Optical Memory in a MoSe2/Clinochlore Device

Abstract

Two-dimensional heterostructures have been crucial in advancing optoelectronic devices utilizing van der Waals materials. Semiconducting transition-metal dichalcogenide monolayers, known for their unique optical properties, offer extensive possibilities for light-emitting devices. Recently, a memory-driven optical device, termed a Mem-emitter, was proposed by using these monolayers atop dielectric substrates. The successful realization of such devices heavily depends on the selection of the optimal substrate. Here, we report a pronounced memory effect in a MoSe₂/clinochlore device, evidenced by an electric hysteresis in the intensity and energy of MoSe₂ monolayer emissions. This demonstrates both population- and transition-rate-driven Mem-emitter abilities. Our theoretical approach correlates these memory effects with internal state variables of the substrate, emphasizing that a clinochlore-layered structure is crucial for a robust and rich memory response. This work introduces a novel two-dimensional device with promising applications in memory functionalities, highlighting the importance of alternate insulators in the fabrication of van der Waals heterostructures.

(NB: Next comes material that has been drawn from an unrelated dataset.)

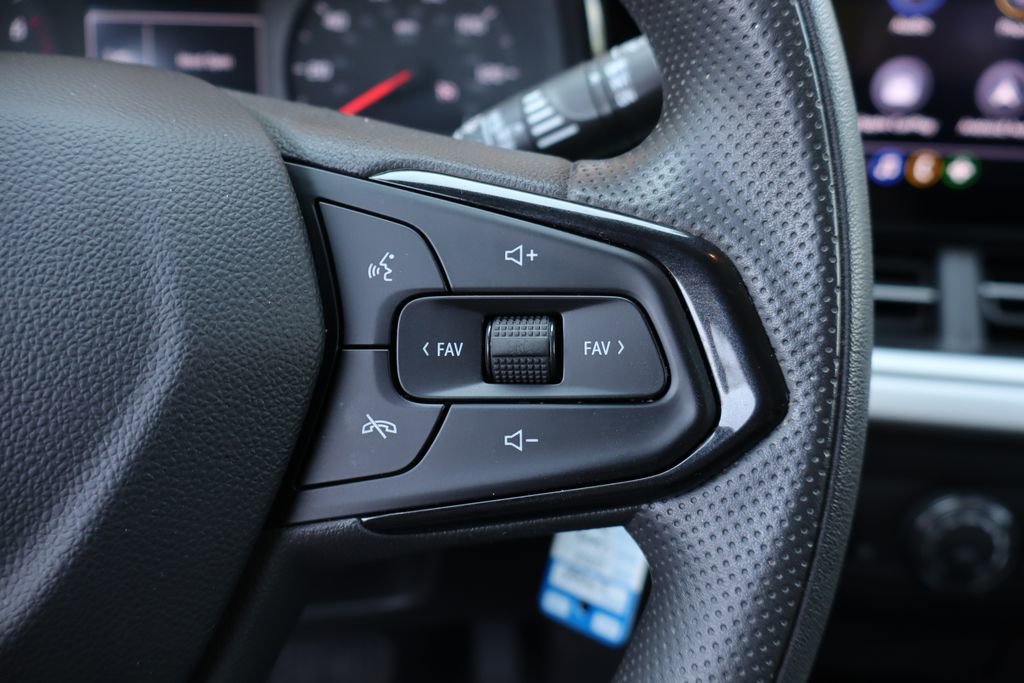 Used 2024 Chevrolet Trax LS w/ LS Convenience Package FWD image 15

Keywords: 2D natural materials; MoSe2/clinochlore; charge dynamics; optical memory effect; phyllosilicates.

Figure 1

Clinochlore-based MoSe₂ device. (a) Clinochlore SEM image and EDS chemical maps of its constituent elements in addition to Fe impurity. (b,c) Schematic view; (b) and optical microscopy image (c) of our t-hBN/1L-MoSe₂/clinochlore/Au-electrode device. (d) PL spectra of 1L-MoSe₂ acquired in the clinochlore sample at different gate voltages ranging from −10 to 10 V. X⁰ and X^– emissions are denoted in the PL spectrum at 0 V. (e) Time-resolved PL emission transients recorded for the integrated intensity of excitons and trions in the 1L-MoSe₂ under the application of 5 s rectangular voltage pulses with a 5 V amplitude. Each spectrum was taken over 0.03 s.

Figure 2

Hysteresis effect in the PL emission of the clinochlore device under external voltage sweeps of 18 min period. (a,b) Integrated intensity (in shades of black) and energy shift (in shades of blue) of X⁰ (a) and X^– (b) emissions as a function of the gate voltage, which was subsequently swept 5 times in cycles ranging from −10 to 10 V. Each voltage cycle is presented in a different shade of black or blue for the intensity or energy data, respectively. (c,d) Integrated intensity (in shades of brown) and energy shift (in shades of purple) of X⁰ (c) and X^– (d) emissions, after defect passivation, are shown as a function of the gate voltage. These measurements were detected at σ⁺ and σ^– circular polarizations. The voltage cycle for each detection is presented in a different shade of brown or purple for the intensity or energy data, respectively. For all graphs, green arrows indicate where the measurement initiates and orange arrows denote the direction of the voltage sweep. The energy shift ΔE is relative to the first emission energy measured at 0 V.

Figure 3

Hysteresis effect in the PL emission of the clinochlore device at different conditions of voltage sweep rate, voltage sweep amplitude, and excitation power. (a–d) Integrated intensity (a,c) and energy shift (b,d) of X⁰ (a,b) and X^– (c,d) emissions for different overall times of the gate voltage cycle before defect passivation. (e-h) Integrated intensity (e,g) and energy shift (f,h) of X⁰ (e,f) and X^– (g,h) emissions for different values of V_max. (i–l) Normalized integrated intensity (i,k) and energy shift (j,l) of X⁰ (i,j) and X^– (k,l) emissions for different excitation powers. For all graphs, green arrows indicate where the measurement initiates and orange arrows denote the direction of the voltage sweep. The energy shift ΔE is relative to the first emission energy measured at 0 V. The voltage sweeps consist of a single cycle as follows: 0 V → V_max → – V_max → 0 V. The acquisition time for each PL spectrum was maintained at 0.2 s, with the overall time varied by adjusting the delay time between each spectrum.

Figure 4

Electric hysteresis modeling of polarization and carrier population fluctuations in a 1L-TMD-based device. (a) Representation of a gated device composed by a 1L-TMD on a dielectric substrate. Polarization (δP) and charge carrier (δN) fluctuations occur in the substrate under an external electric field, impacting the optical properties of the TMD. Local field (F_TMD) hysteresis considering polarization leakage channels and (b) increasing voltage amplitudes and (c) increasing voltage sweep periods. (d) Charge carrier fluctuation (δN) hysteresis considering five trapping and release channels. (e) Charge carrier fluctuation hysteresis for different voltage amplitudes. The arrows in (b–e) denote the direction of the voltage sweep.